The DHB was said to have raked in an increase in income of 15.4 per in 2014, 12.7 percent of which came from vehicular tolls. Marine tolls saw a decrease in 1.30 percent, while other revenue, which includes contractual work and asphalt plant sales, increased by 72.23 percent. Total income in 2014 was $533,229,382 compared with $462,133,905 garnered in 2013.

In 2014 expenditure increased by 18.3 per cent with a total of $437,070,603 being spent, compared with $369,468,166 in 2013.

Some of the works done on the floating bridge in 2014 included the installation of cluster piles and retractor span, installation of pivots, installation of gunwales on distribution beams and new A-frames, fabrication of buoys and installation of navigation lights along with the commissioning of a wireless data transmission link. Cummings Electrical has also installed new retractor power cables.

A tower has been installed, Adams had said, adding that it was a breakthrough in linking departments. The tower covers a range of ten miles and can monitor operations within that domain. Once staff members sign in that information is automatically fed to the Demerara Harbour Bridge.

The 40-year-old bridge is a major transportation link for Regions 3 and 4 and other outlying regions.  Sitting across the Demerara River, approximately 6km from the river’s mouth, spanning from Peter’s Hall to Meer Zorgen, the Demerara Harbour Bridge is 2.0km long and has 61 spans. 

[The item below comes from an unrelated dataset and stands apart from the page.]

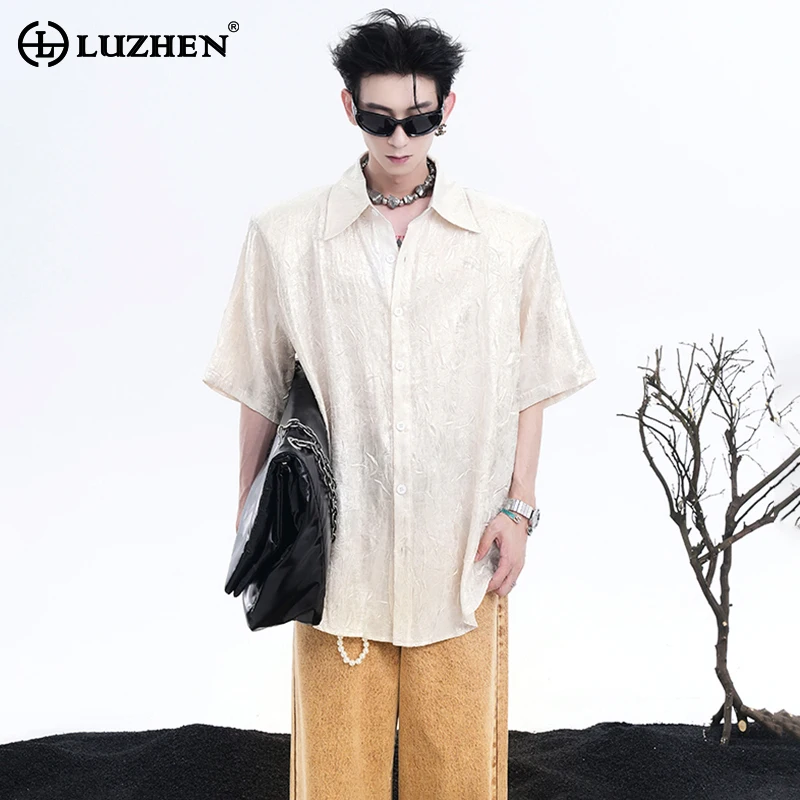 

LUZHEN Summer New Stylish Thin Pleated Short Sleeved Shirt Men's Fashion Handsome Luxury Korean High Quality Clothing LZ4388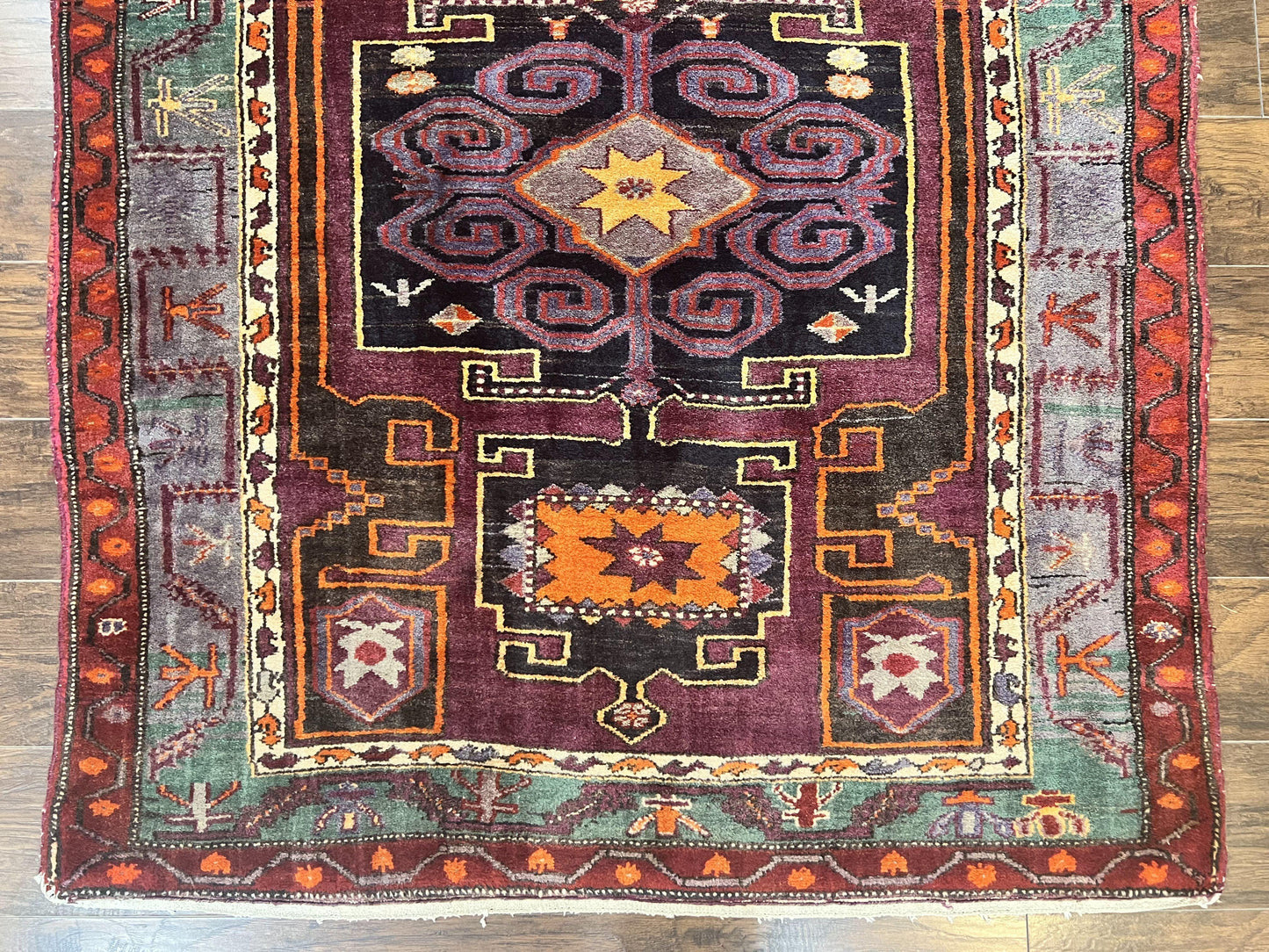 Persian Tribal Rug 5x6, Persian Nahavand Rug, Purple, Geometric Vintage Wool Handmade Carpet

Explaining its engineering concept, management of the bridge says that it is “kept afloat by 114 pontoons, the bridge has a horizontal clearance at its retractor span of 77.4 meters to accommodate marine vessels.  In addition, the bridge has a vertical clearance of 7.9meters and horizontal clearance of 32meters at its high span which facilitates small marine vessels.”

From the date commissioned to present, the Demerara Harbour Bridge provides access for approximately 18,000 vehicles to transit between the east and west end daily, with a maximum vehicle tonnage of 22.4 tons.

Plans are currently on stream to build a new and more modern bridge with government recently looking at proposals from companies to have a four lane non retractable bridge instead.